Build Back Better plan for child care, preschool will be bad for parents, providers

There is no question parents need affordable, safe and reliable child care to be able to go to work or school. For the parents of the 12 million children in the U.S. under age 5 who rely on child care providers, it is critical we have the right child care policies in place.

The federal “Build Back Better” plan will negatively impact child care and universal preschool by reducing parents’ child care options, driving costs higher, making it more difficult for providers to operate and enter the industry, and by making it even harder to attract and retain a qualified workforce.

Anthony Russo. (File photo)

Parents want access to high-quality child care and preschool that meets the needs of their family. By overturning 30 years of bipartisan support for the Child Care and Development Block Grant, “Build Back Better” places the federal government at the center of every family’s decision-making about child care and preschool.

This plan reduces parents’ child care options by favoring grants and contracts to government-favored Head Start centers and public schools over certificates that allow parents to choose for themselves where to send their child, such as community-based centers, family child care, private providers or faith-based operators.

The proposal will also crush the already overburdened family child care sector with additional regulations and paperwork. It will force thousands of child care providers to spend countless hours and dollars filling out this paperwork to keep their doors open — hours and dollars not spent caring for and educating the young children entrusted to their care.

This plan will drive up the already-high cost of care for middle class families to $13,000 a year. It also places the U.S. Department of Health and Human Services at the helm of approving every state’s child care cost estimation model that will be used to determine how many taxpayer dollars will be paid out each year for child care entitlements.

If governors and state legislatures determine their state budgets cannot afford the future costs of these programs, the proposal gives authority to the Secretary of HHS to override elected state leaders and give local governments and unelected Head Start agencies the funding and decision-making power.
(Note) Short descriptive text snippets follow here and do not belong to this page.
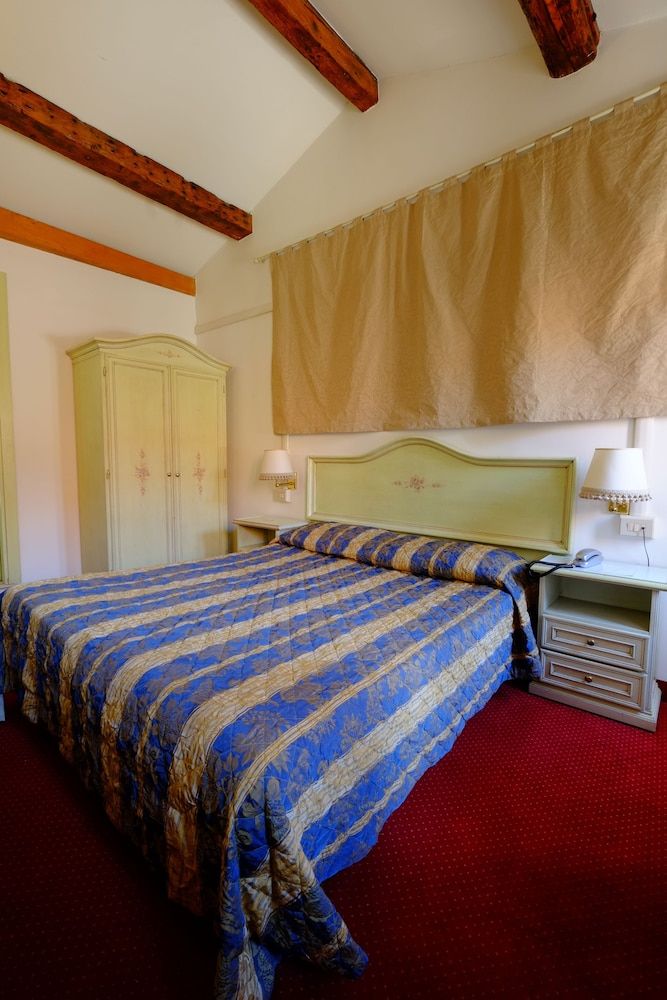 undefined Ca' Pedrocchi 2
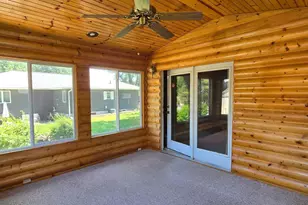 1713 S Shore Dr, Albert Lea, MN 56007 - Photo 10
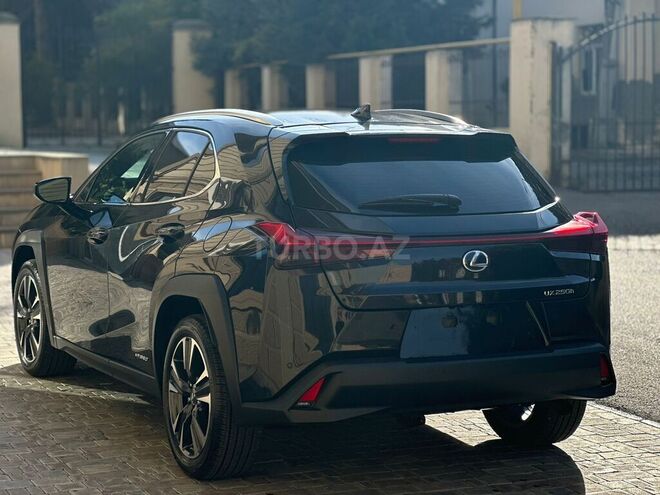 Lexus UX 250h 2021, 7,000 km - 2.0 l - Bakı
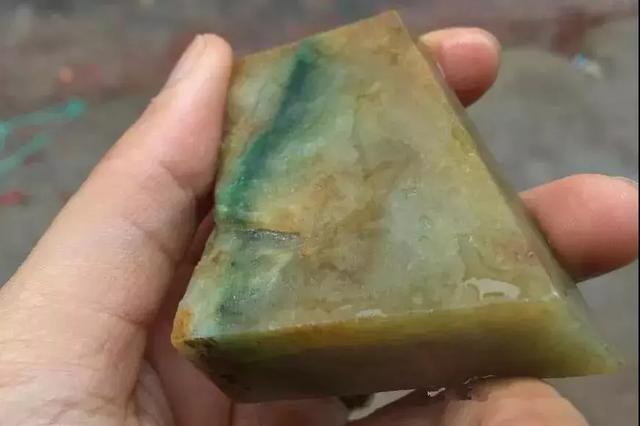 翡翠原石切出色带视频,翡翠原石要磨到什么程度-第5张图片-翡翠网 翡翠原石切出色带视频,翡翠原石要磨到什么程度-第5张图片-翡翠网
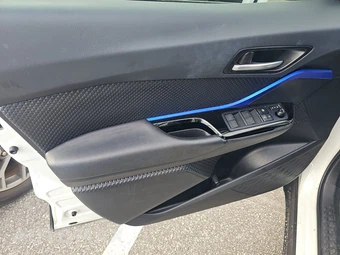 2020 Toyota C-HR XLE - miniatura 9
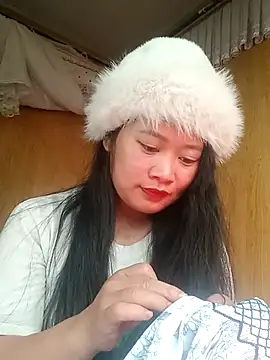 LyZii2k7 online show from 18, 11, 2025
Some federal lawmakers claim the child care and preschool programs will only cost $400 billion over the next decade. But the Penn Wharton model estimates the programs will cost at least $700 billion over the next decade.

The intention of the child care and preschool provision of the “Build Back Better” is laudable — all families deserve access to high-quality affordable care for their children. But this current provision has unintended consequences that will penalize parents, providers and, most importantly, children. Congress can and should do better — changes need to be made to this legislation before it becomes law.

Anthony Russo is the president of the Commerce and Industry Association of New Jersey.